» DATASET ENTRIES:
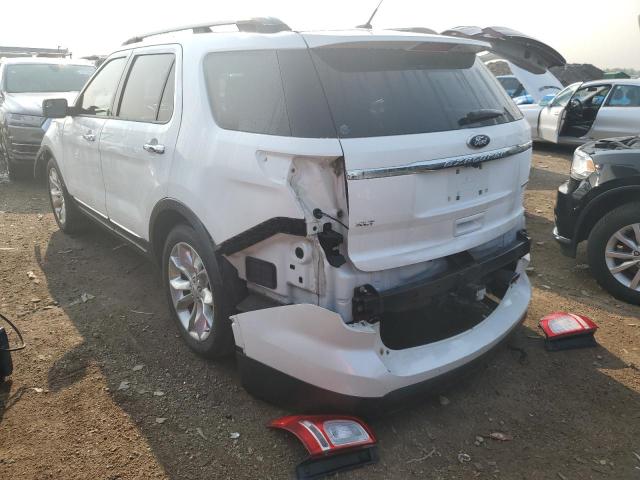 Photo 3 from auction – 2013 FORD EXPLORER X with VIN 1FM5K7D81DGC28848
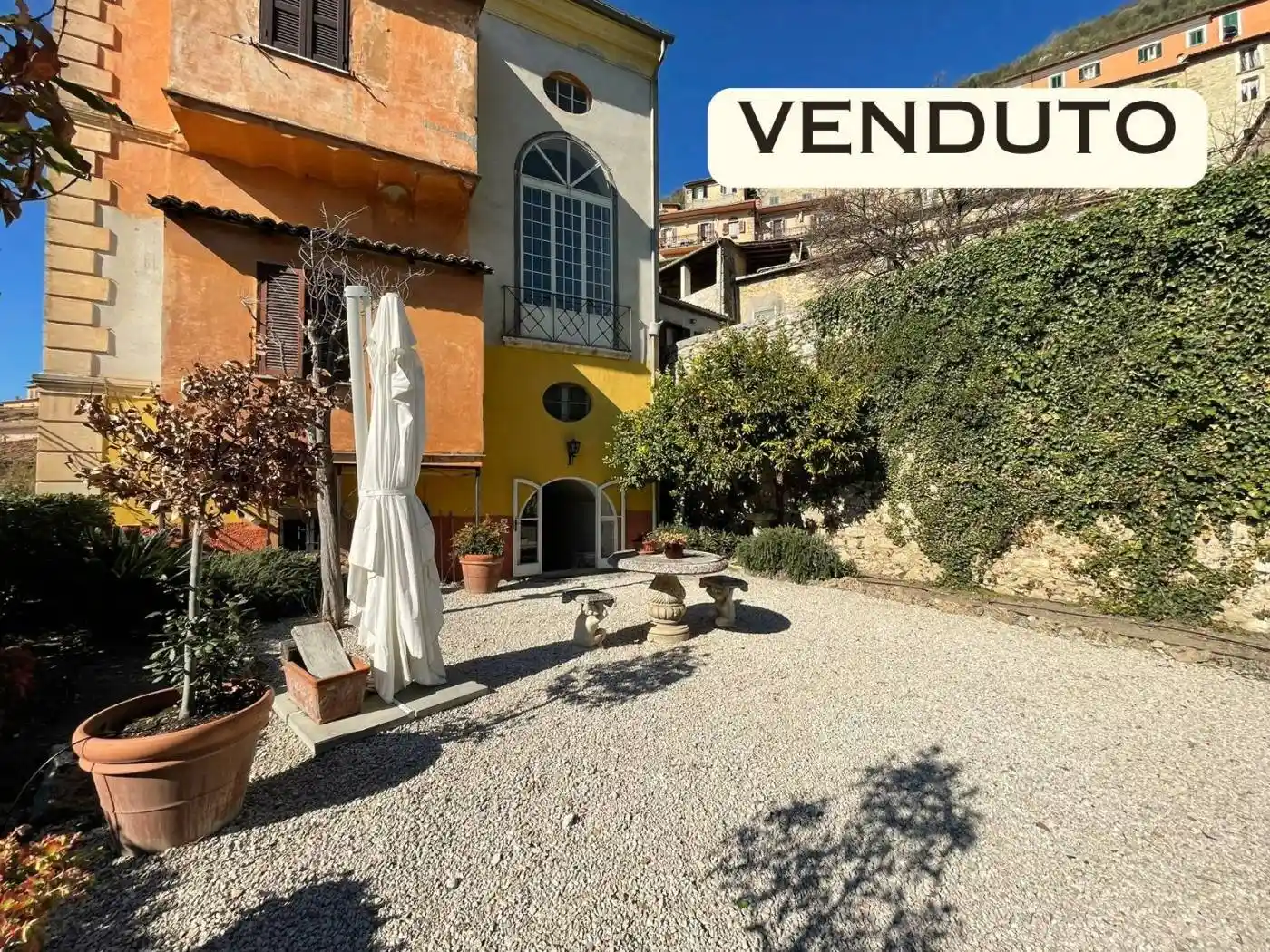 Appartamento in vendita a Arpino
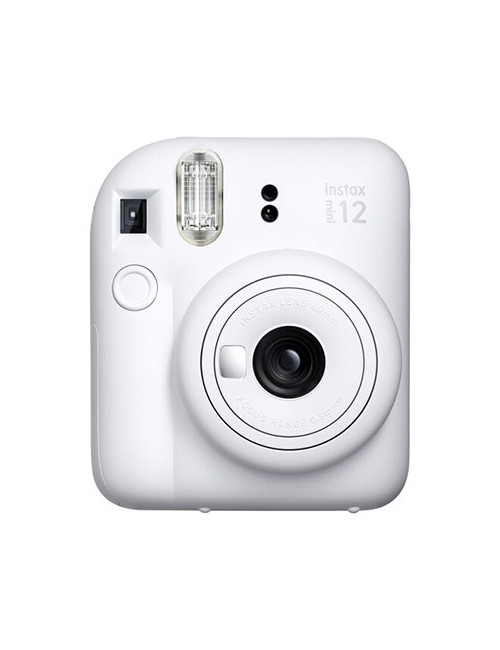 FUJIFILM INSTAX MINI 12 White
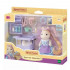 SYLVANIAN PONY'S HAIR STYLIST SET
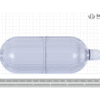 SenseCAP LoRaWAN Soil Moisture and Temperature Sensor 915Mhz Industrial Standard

» PROBLEM DESCRIPTION: Word for word, repeat all the data, but not its images.

» WRITTEN RESPONSE:
 Photo 3 from auction – 2013 FORD EXPLORER X with VIN 1FM5K7D81DGC28848
 Appartamento in vendita a Arpino
 FUJIFILM INSTAX MINI 12 White
 SYLVANIAN PONY'S HAIR STYLIST SET
 SenseCAP LoRaWAN Soil Moisture and Temperature Sensor 915Mhz Industrial Standard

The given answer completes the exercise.